Decided on August 10, 2022 SUPREME COURT OF THE STATE OF NEW YORK Appellate Division, Second Judicial Department
VALERIE BRATHWAITE NELSON, J.P.
ANGELA G. IANNACCI
PAUL WOOTEN
JOSEPH A. ZAYAS, JJ.
2020-02706
(Index No. 669/17)

[*1]Robert Flores, respondent,

v

Crescent Beach Club, LLC, et al., defendants, Lad Creative, Inc., appellant (and a third-party action).



Congdon, Flaherty, O'Callaghan, Reid, Donlon, Travis & Fishlinger, Uniondale, NY (Kathleen D. Foley of counsel), for appellant.

Sullivan Papain Block McGrath Coffinas & Cannavo, P.C., New York, NY (Brian J. Shoot and Deanne M. Caputo of counsel), for respondent.



DECISION & ORDER

In a consolidated action to recover damages for personal injuries, the defendant Lad Creative, Inc., appeals from an order of the Supreme Court, Nassau County (Karen V. Murphy, J.), dated December 12, 2019. The order, insofar as appealed from, denied that branch of that defendant's motion which was for summary judgment dismissing the complaint insofar as asserted against it.

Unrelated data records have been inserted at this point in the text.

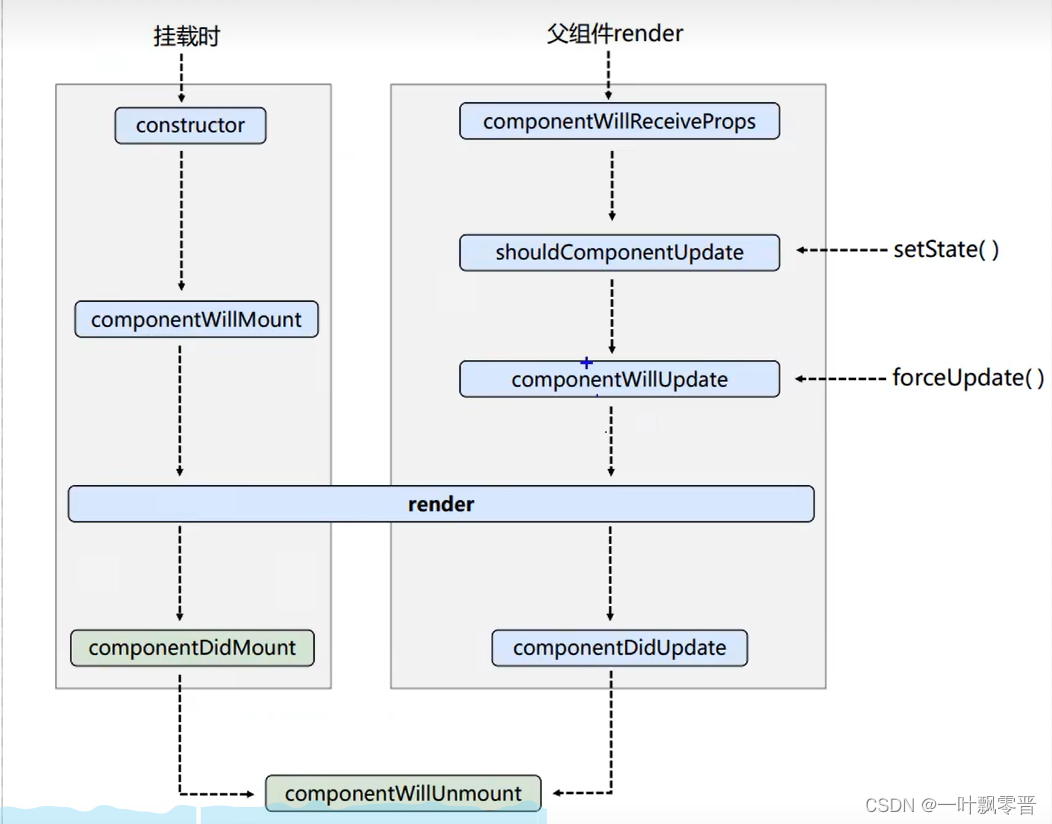 react学习——14react生命周期图（旧）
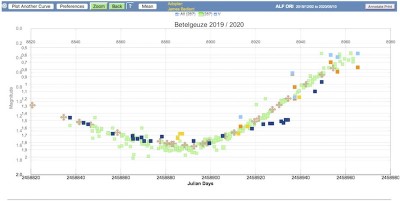 Betelgeuze-Lichtkurve Dez 2019 – April 2020: V-Helligkeiten der AAVSO gegen eigene Schätzungen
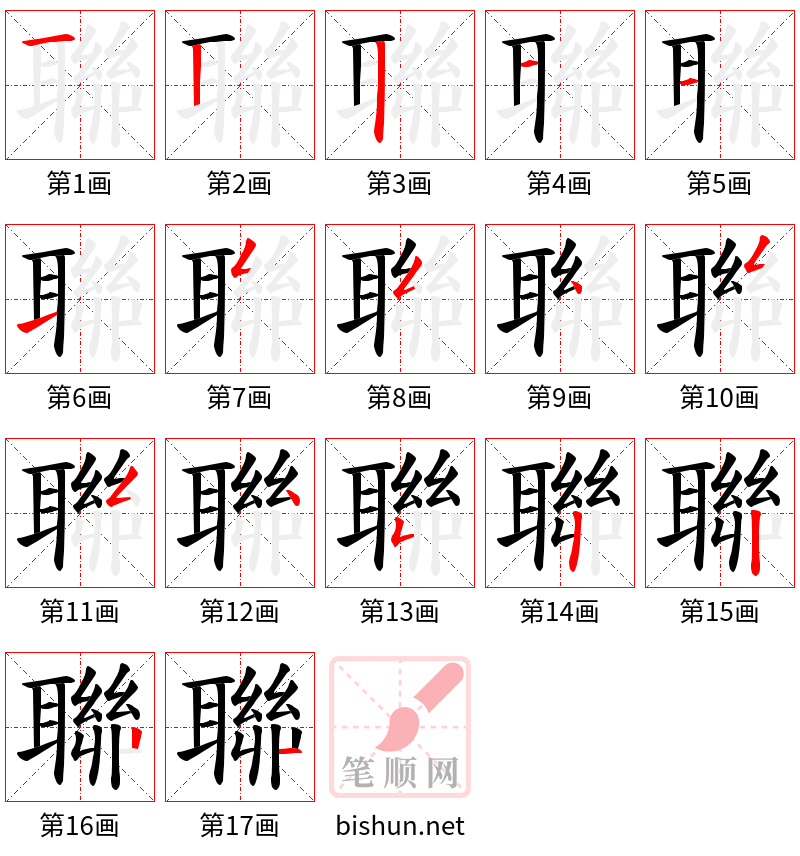 聯 笔顺规范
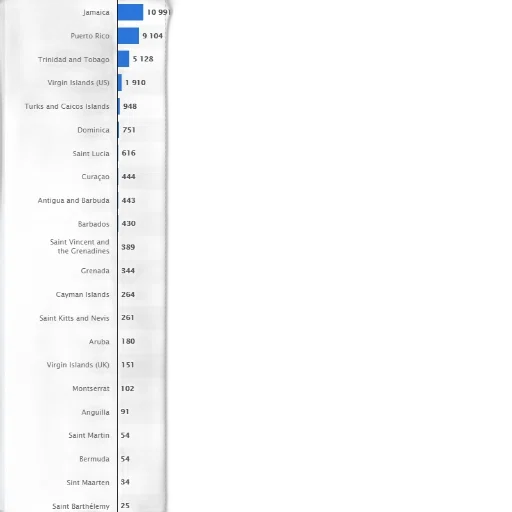 table, showing, population, various transparent PNG cut-out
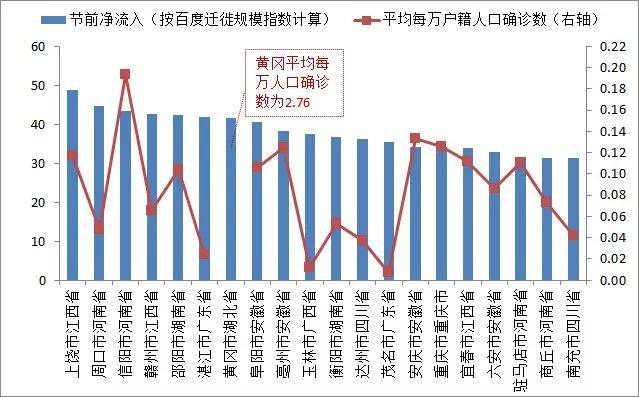 中国人口什么时候会有高潮_蒙氏结节什么时候会有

ORDERED that the order is modified, on the law, by deleting the provision thereof denying those branches of the motion of the defendant Lad Creative, Inc., which were for summary judgment dismissing the causes of action alleging common-law negligence and violations of Labor Law §§ 200 and 241(6) insofar as asserted against it, and substituting therefor a provision granting those branches of the motion; as so modified, the order is affirmed insofar as appealed from, without costs or disbursements.

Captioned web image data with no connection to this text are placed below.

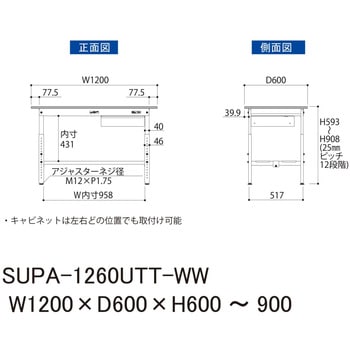 軽量作業台/耐荷重150kg_引き出し付_高さ調整H600～900_全面棚板付_ワークテーブル150シリーズ 山金工業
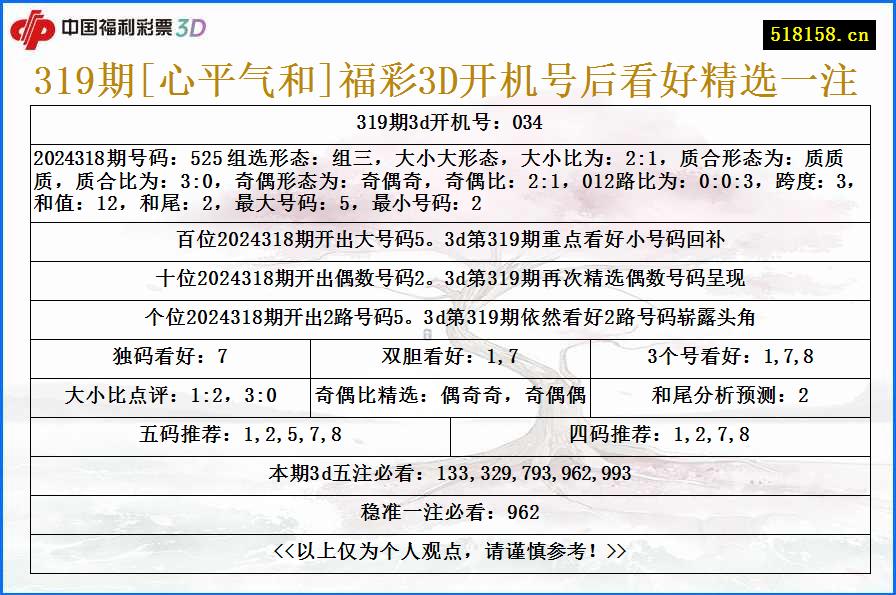 319期[心平气和]福彩3D开机号后看好精选一注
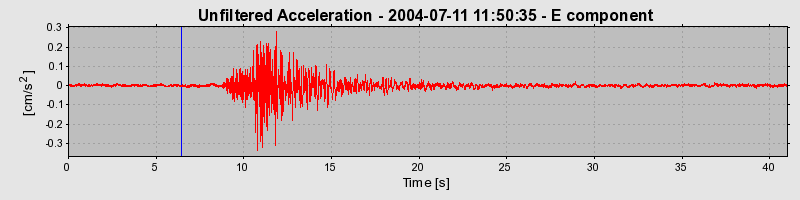 Plot-20160717-21858-1mncoi6-0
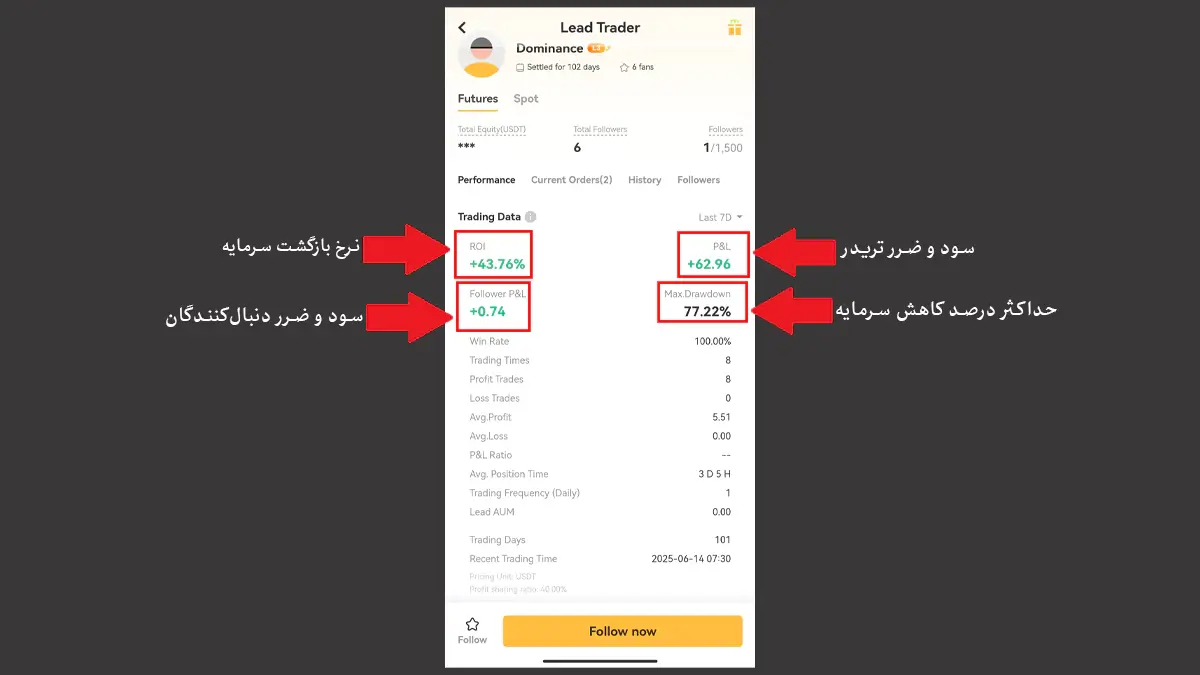  قسمت تریدینگ دیتا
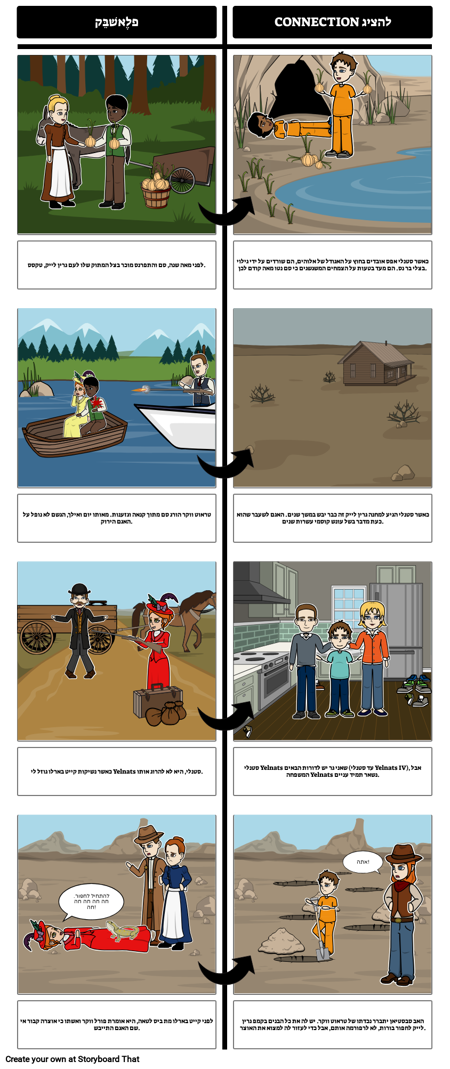 פלאשבק ב חורים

The plaintiff allegedly was injured while demolishing a rotting wooden pergola at the Crescent Beach Club in Bayville. At the time of the accident, the plaintiff was standing on top of the pergola. He cut a piece of the pergola for demolition, and immediately thereafter, the piece he was standing on gave way and he fell to the ground. The plaintiff commenced two separate personal injury actions that were later consolidated, against, among others, the defendant Lad Creative, Inc. (hereinafter Lad), alleging common-law negligence and violations of Labor Law §§ 200, 240(1), and 241(6). The plaintiff alleged that Lad acted as the general contractor on the project or as an agent of the owner.

Lad moved, inter alia, for summary judgment dismissing the complaint insofar as asserted against it. In an order dated December 12, 2019, the Supreme Court, among other things, denied that branch of Lad's motion. Lad appeals.

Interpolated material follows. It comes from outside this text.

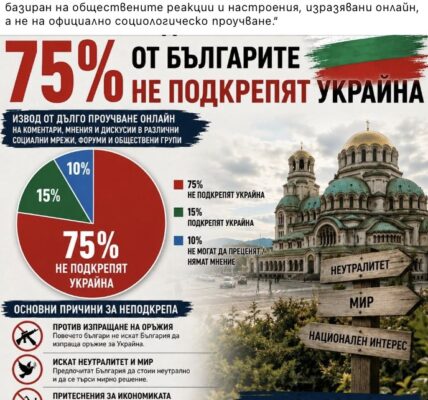 Кои изследвания на общественото мнения са представителни?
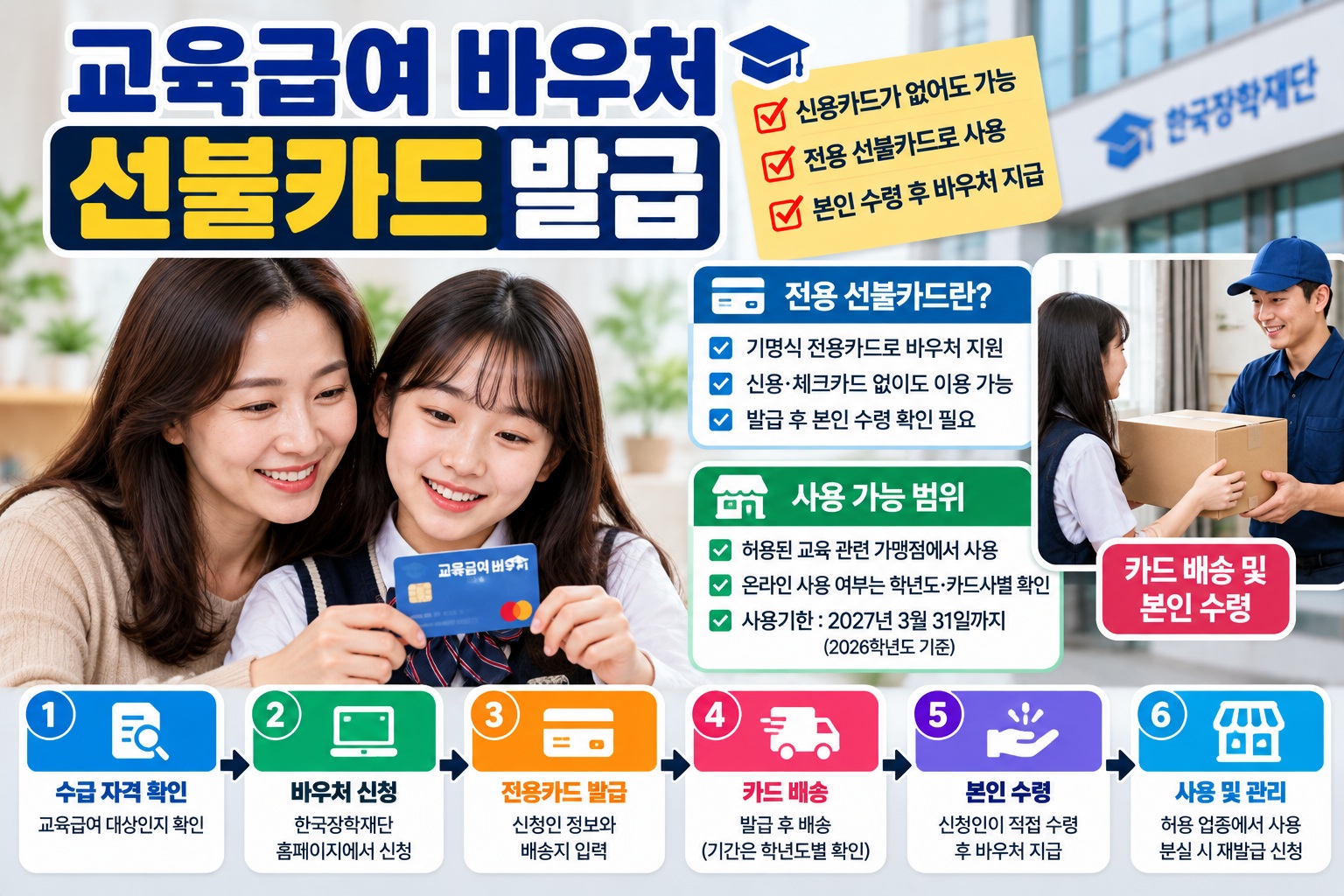 교육급여 바우처 선불카드 발급 안내｜한국인 어머니와 여학생이 교육급여 전용 선불카드를 확인하는 모습과 수급 자격 확인, 바우처 신청, 카드 발급·배송, 본인 수령 및 사용 방법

"Labor Law § 240(1) imposes upon owners and general contractors, and their agents, a nondelegable duty to provide safety devices necessary to protect workers from risks inherent in elevated work sites" (McCarthy v Turner Constr., Inc., 17 NY3d 369, 374). Similarly, "Labor Law [*2]§ 241(6), by its very terms, imposes a nondelegable duty of reasonable care upon owners and contractors 'to provide reasonable and adequate protection and safety' to persons employed in, or lawfully frequenting, all areas in which construction, excavation or demolition work is being performed" (Rizzuto v L.A. Wenger Contr. Co., 91 NY2d 343, 348).

A party is a contractor subject to liability under Labor Law §§ 240(1) and 241(6) when it is responsible for coordinating and supervising the project and has a concomitant power to enforce safety standards and to hire responsible contractors (see Londono v Dalen, LLC, 204 AD3d 658; Valdez v Turner Constr. Co., 171 AD3d 836, 839; Williams v Dover Home Improvement, 276 AD2d 626, 626). "A party is deemed to be an agent of an owner or general contractor under the Labor Law when it has the 'ability to control the activity which brought about the injury'" (Guclu v 900 Eighth Ave. Condominium, LLC, 81 AD3d 592, 593, quoting Walls v Turner Constr. Co., 4 NY3d 861, 863-864; see Russin v Louis N. Picciano & Son, 54 NY2d 311, 317-318).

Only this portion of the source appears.